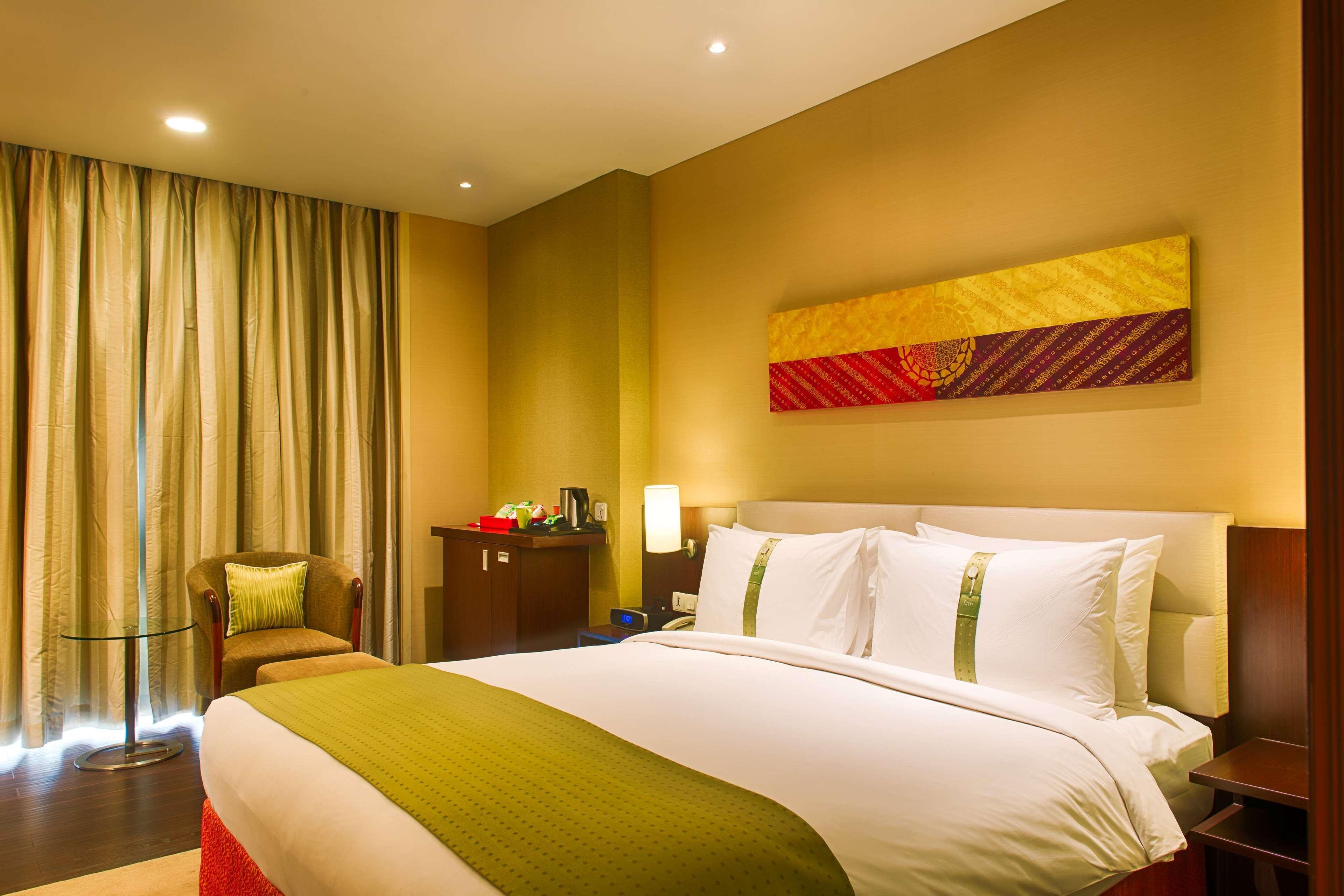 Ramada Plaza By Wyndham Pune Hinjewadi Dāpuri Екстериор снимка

==

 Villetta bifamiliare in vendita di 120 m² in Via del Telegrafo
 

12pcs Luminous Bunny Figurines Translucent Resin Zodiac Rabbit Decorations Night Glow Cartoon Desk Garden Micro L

◆ **WORK ITEM**: In the data above, retype exactly and only the lines between the one holding "Villetta bifamiliare in" and the one holding "12pcs Luminous Bunny", inclusive.

◆ **ANSWER BOX**:
 Villetta bifamiliare in vendita di 120 m² in Via del Telegrafo
 

12pcs Luminous Bunny Figurines Translucent Resin Zodiac Rabbit Decorations Night Glow Cartoon Desk Garden Micro L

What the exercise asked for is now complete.